In an effort to preserve parking for local residents and businesses, community groups in the South Loop and West Loop have worked with their aldermanic representatives to establish partial parking bans designed to prevent drivers from outside the area from using day-long free parking.

Those “day trippers,” local officials said, take advantage of the street parking and then travel by public transportation to the Loop and other areas with pricier parking.

The restriction effort will preserve more parking for those living and working in each specific area.

The South Loop ban prohibits vehicles without parking permits from 9 to 11 a.m. Monday through Friday next to and just south of Dearborn Park on Plymouth Court from 9th Street to Roosevelt Road and on South Park Terrace from 8th Street to Roosevelt Park at 62 W. Roosevelt Rd. Officials reinstated the restrictions after lifting a previous ban last year because it had not been completed as an ordinance.

Prentice Butler, director of constituent services for 4th Ward Alderman Sophia King, said the alderman wants to cooperate with community groups “to see if this will work.”

“This is a residential enclave, and therefore there is a concern about traffic,” Butler said.

That concern has spread to other parts of the South Loop. Rudy Barcenas, assistant director of the Near South Planning Board, said his office receives complaints from local businesses along State Street and Michigan Avenue that need space for their employees as well as customers. He said he is not certain what officials may propose to help local businesses.

In the West Loop, local leaders had scheduled a proposal to come before the City Council to restrict outside parking from 7 a.m. to 9 a.m. in an area bounded by Ashland Avenue, Green Street, Washington Boulevard, and Van Buren Street.

Alderman Walter Burnett Jr. of the 27th Ward said he had sufficient City Council support and that, once the ordinance won approval, workers would install signage by the end of the summer.

“This was really motivated by businesses and residents, and we wanted to be sensitive to that,” Burnett said. “This is becoming a hot neighborhood, so it’s the price of success. We want suburban business, but we also want to balance that with the need of our residents and others who need parking on a regular basis.”

Burnett said parking structures may be a future solution.

At least one organization leader prefers to not build structures until it is absolutely necessary.

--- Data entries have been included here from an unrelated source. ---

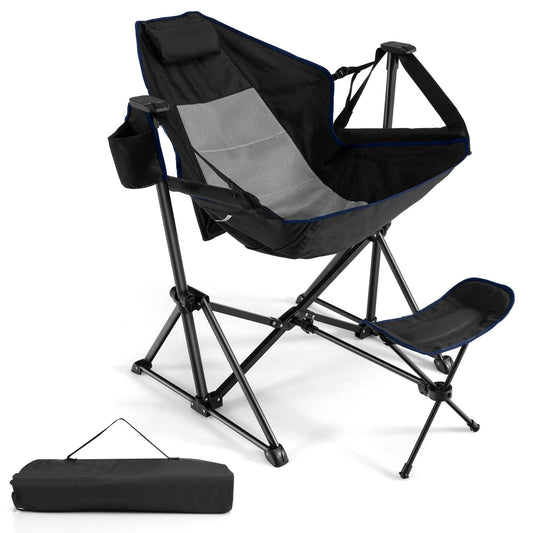 Portable Folding Outdoor Reclining Chair w/Adjustable Backrest & Footrest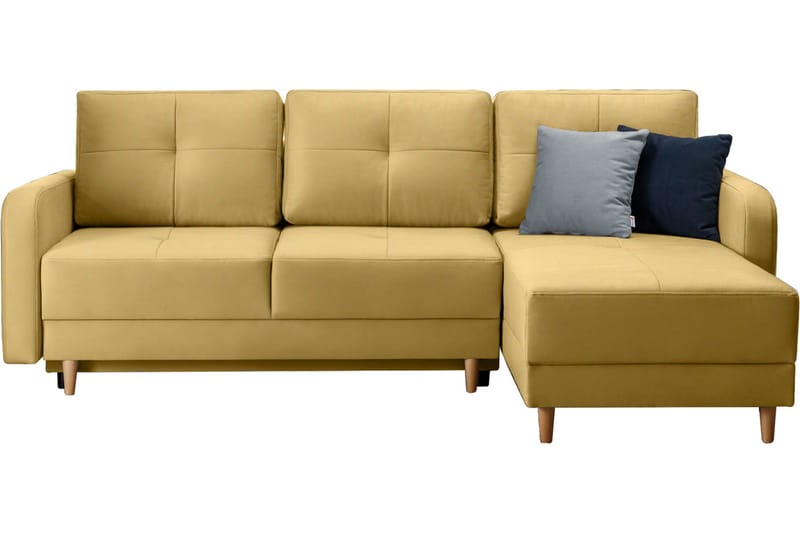 Saimon Sovesofa m. Divan med Oppbevaring 3-seter - Gul - Møbler - Sofaer - Sovesofaer - Sovesofa divan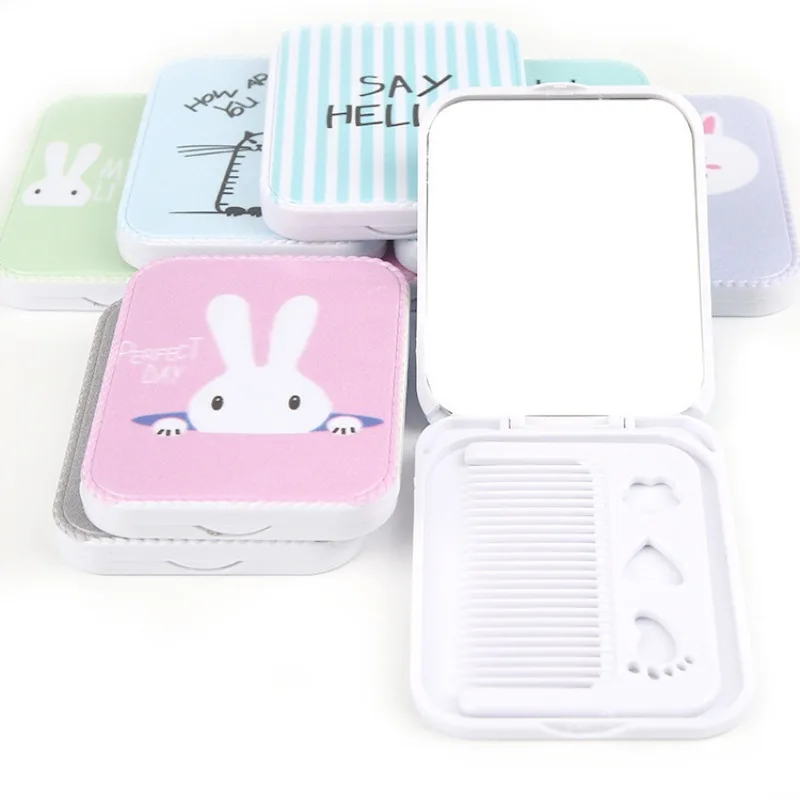 Hair Comb Cosmetic Mirror Set Cute Compact Pocket Mini Size Portable Travel Head Massager Relax Folding Mirror with Small Comb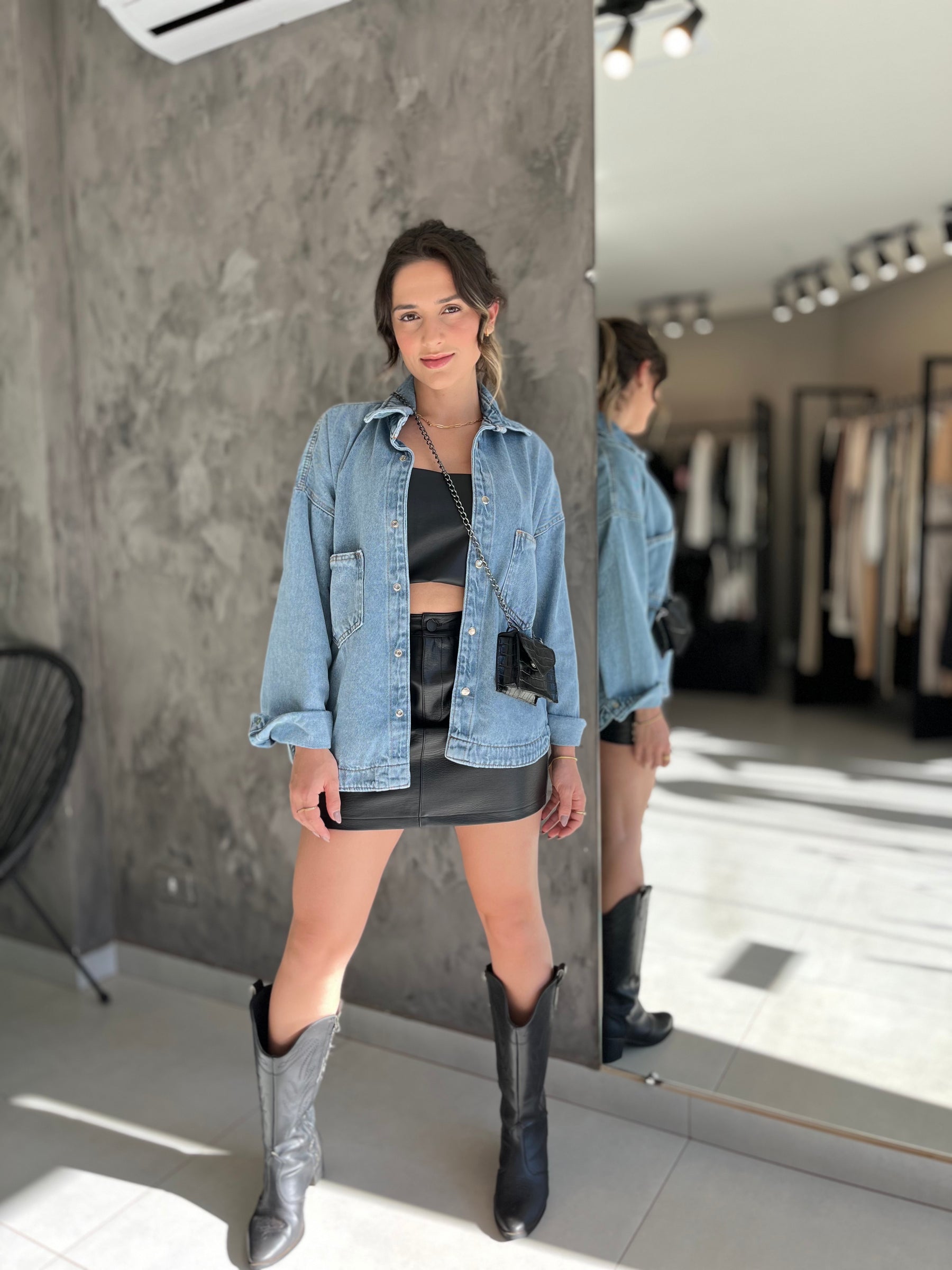 Jaqueta Jeans Over Sized Bolso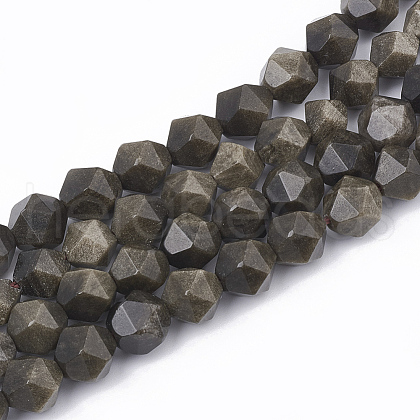 Natural Golden Sheen Obsidian Beads Strands G-T064-45A-1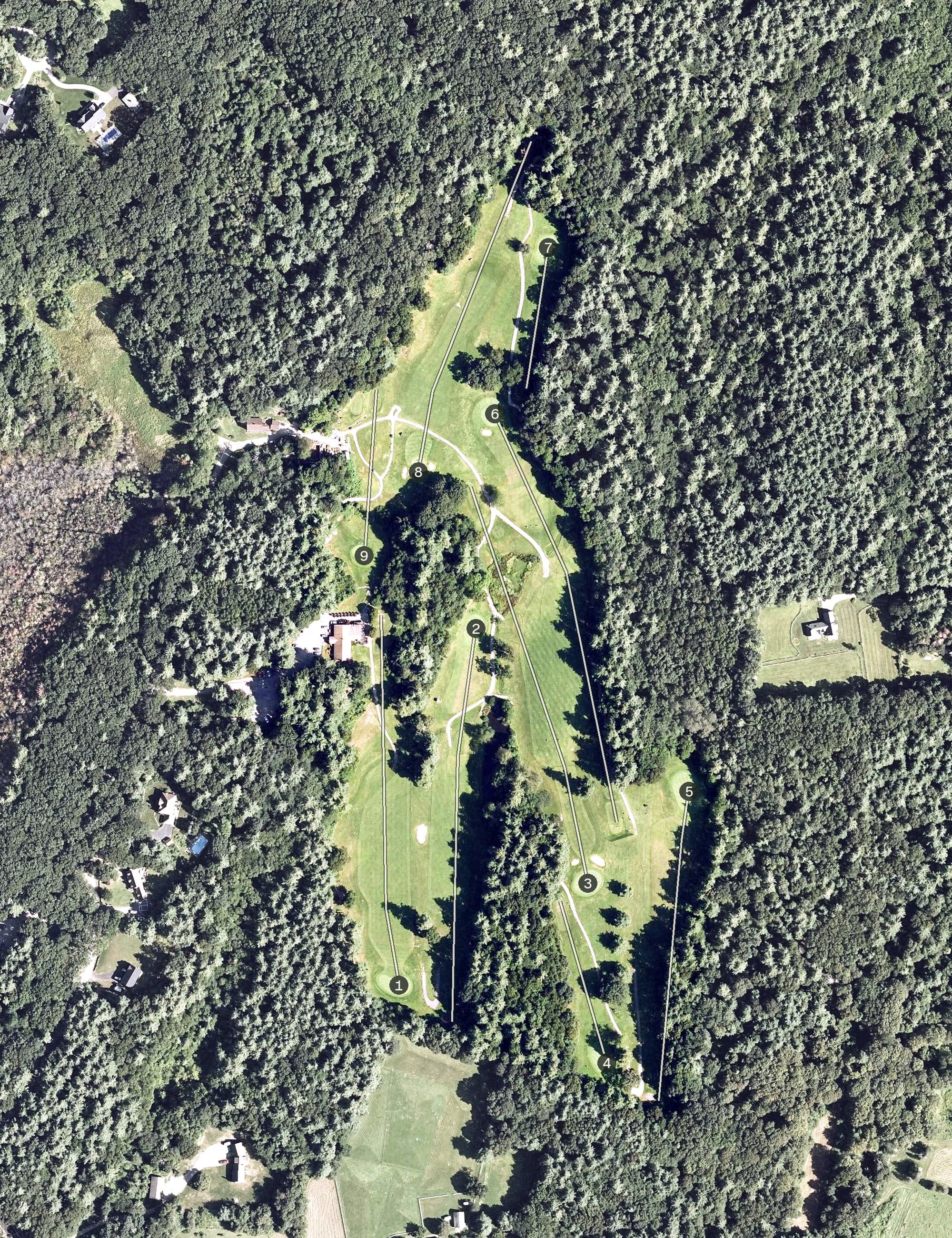 Aerial view of Berlin Country Club, MA, with its hole routing marked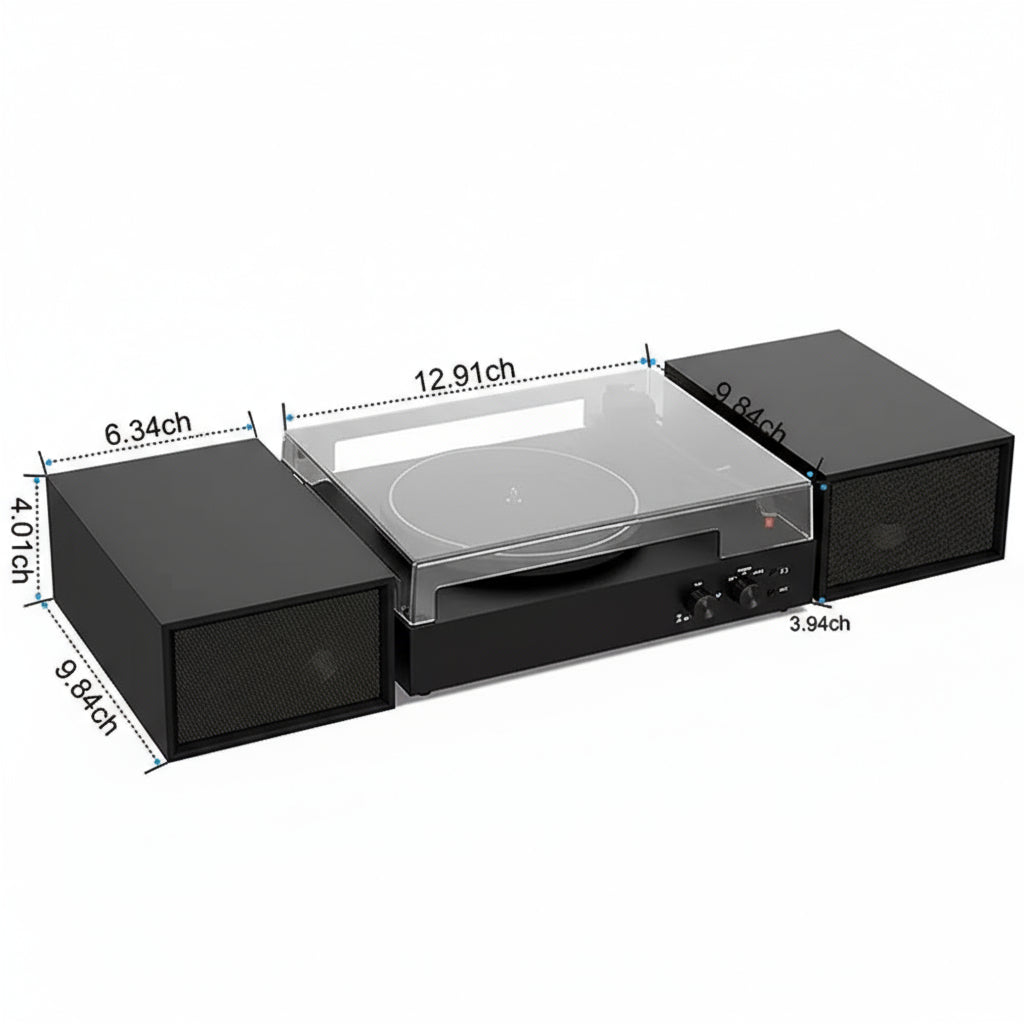 Harrow Record Player with Bluetooth Wood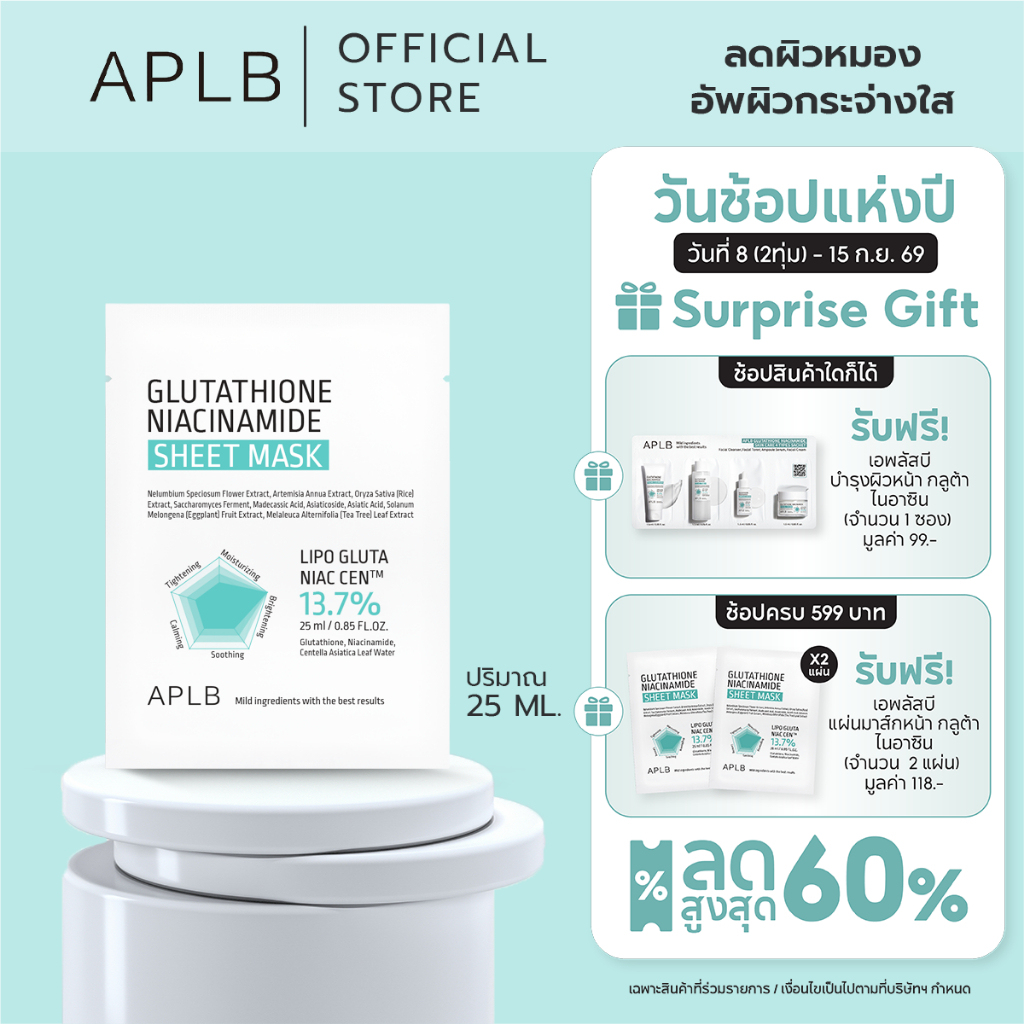 APLB [ผิวใส ลดหมอง] กลูต้าไธโอน ไนอะซินาไมด์ ชีต มาร์ค Glutathione Niacinamide Sheet Mask ปริมาณ 10 แผ่น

West Central Association president Armando Chacon said parking has been an issue in the West Loop for at least the last 12 years.

“Over that time, the neighborhood has evolved and the situation has become worse,” he said. “Two or three years ago there was a task force and there was a pilot program” that banned early afternoon parking. “Permit parking was instituted on some streets. So there have been a few things done. This proposed ban is the next measure.”

Chacon said a recent parking study showed that 84% of current parking remains unrestricted.

“For a long time, that wasn’t a problem,” he said. “We are kind of a mixed neighborhood with parking needs for residents, businesses, and office users. We are trying to tip the scales a little more in favor of those who live and work here.” He opposes parking structures at this time because “We don’t want to change the character of the neighborhood,” he said.

He does not see any parking measures as a complete fix.

“No policy will fully solve the problem,” Chacon said. “I think the initial reaction to this proposal is mostly positive.”

Chacon said parking issues in the city’s neighborhoods also draw attention to alternate transportation as well as costs.

“I ride my bike whenever I can,” he said. “We should walk and take public transportation more. If you drive to the Gold Coast or other expensive areas, you find meters and structures. The cost elicits turnover in parking.”